He says, at the foundation, you need to be able to know three things: The lifetime value of each client (LTV), your cost per acquisition (CPA) of each client and, finally, your cost per lead (CPL). With this information, you can make informed decisions and set realistic marketing budgets.
The LTV represents the overall net profit you can reasonably expect from your new client, over time, on average, representing the profit for individual transactions multiplied by the number of transactions.
The CPA reflects how much you would be willing to invest to obtain this life-time value. Obviously, if the LTV is high, you should be prepared to invest more. (Say, you can expect $100,000 in profit from each new client, $20,000 might be a reasonable amount to budget.)

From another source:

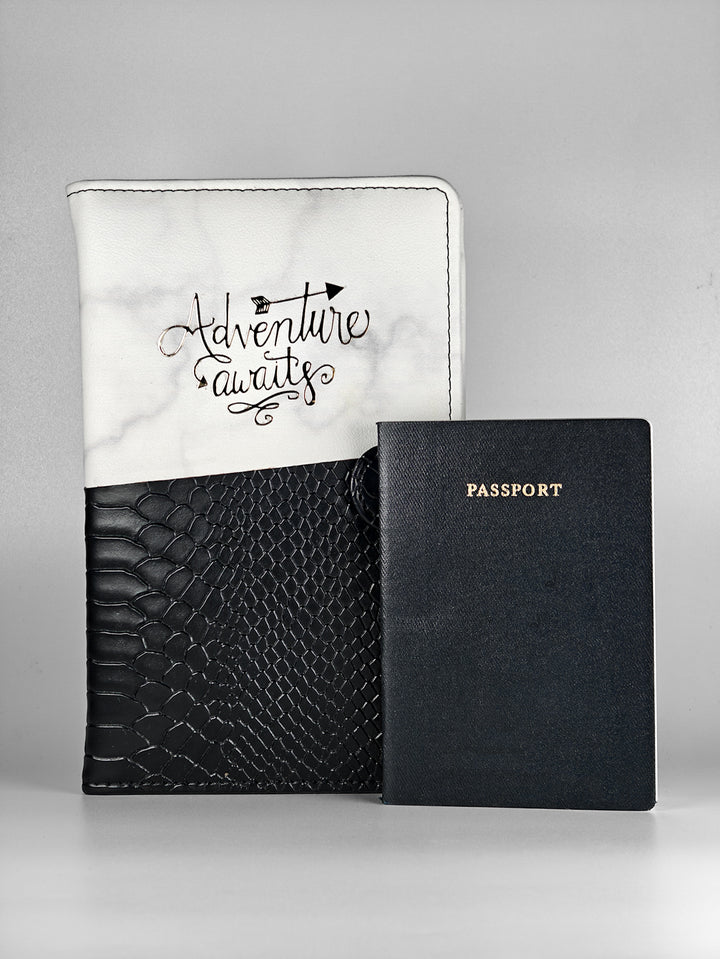Travel organizer with personalized name tag and embossed ‘Adventure Awaits’ design – a trendy passport cover and passport holder for all travel essentials.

Finally, CPL infers your lead conversion rate, so you know how much each individual lead is worth. Assuming, for example, you convert one in five leads, you might find it quite reasonable to spend $4,000 per lead.

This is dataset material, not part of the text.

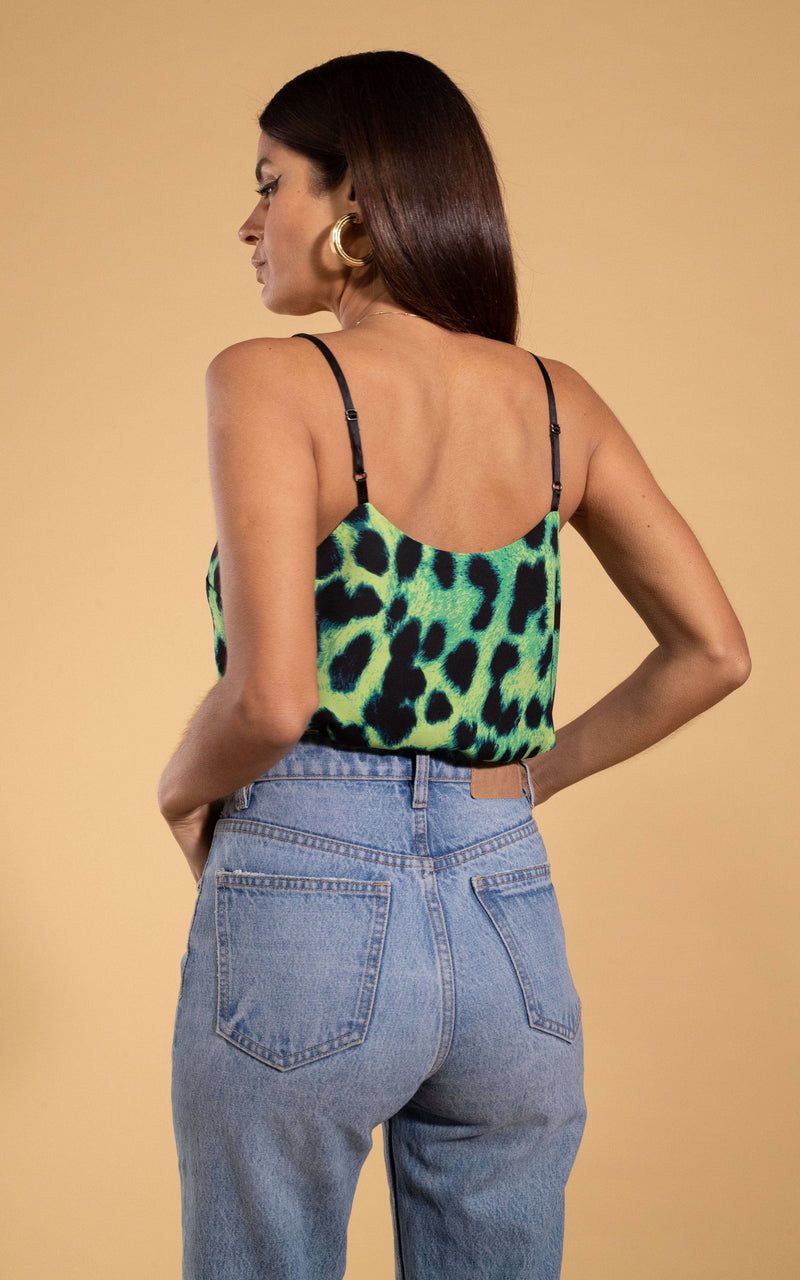 Dancing Leopard model standing with back to the camera wearing Birdie cami top in lime leopard with hands in pockets of lightwash denim jeans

These numbers may help you reduce your sticker shock when spending marketing dollars and allow you to set realistic expectations.
Consider, for example, our magazine Ottawa Renovates, which has a page rate of about $2,000. Renovations can be $50,000, $150,000 or more, and a well-run renovation company would expect at least a minimum of 10 to 15 per cent net profit (after all expenses, including management salaries) for the work. So a $100,000 renovation project might generate $15,000 (and you may have repeat business as well, which would add to the LTV).
Assuming you convert one in five leads, you would then have a cost per lead of $3,000. This means, if you pay $2,000 for the ad, and one person calls — but doesn’t buy anything, you are still within your norms. (I realize you might want set a lower cost per lead, but even at a 50 per cent level, you would still be within range with just one or two calls.)
These numbers explain why our magazine is viable and successful. Enough contractors know their cost per lead, conversion rates and the like to know that over time they will sell enough renovation projects to pay for their advertising. They repeat. Larger contractors purchase four or five pages of advertising because the specialized media makes sense for their business.
But if you didn’t have this information available, you might see things from a different perspective. “I blew $2,000 on an ad, and got just one call, and they were tire-kickers,” you might say. Worse, you might get no calls. You might need to spend $5,000 to $10,000 for a single converting lead — but if you could scale these numbers reliably, you would have a consistently profitable business, regardless of the marketing cost.
The trouble with these concepts is (a) the patience you need for success and (b) the small sample size, making conventional statistical analysis difficult if not impossible. How do you know you are throwing your money away, or simply need to give the marketing some more time to achieve results? I wish I had a simple answer to these questions.
Obviously, there are examples of lower-hanging fruit. Systematized referral and relevant association,speaking and community service opportunities can provide measurable pay-back quite quickly, and rather inexpensively. If your business/practice operates in the RFP/bidding space, you can set out reasonable go/no go criteria, and when it is a go, spend the time, money and resources to produce truly impressive and well-thought presentations (often with a preparation cost of $10,000 or more.)
Nevertheless, a metrics-focused look at your LTV (lifetime value), CPA (cost per acquisition) and CPL (cost per lead) can provide you with worthy benchmarks for your marketing budgets and allow you to set realistic and attainable goals.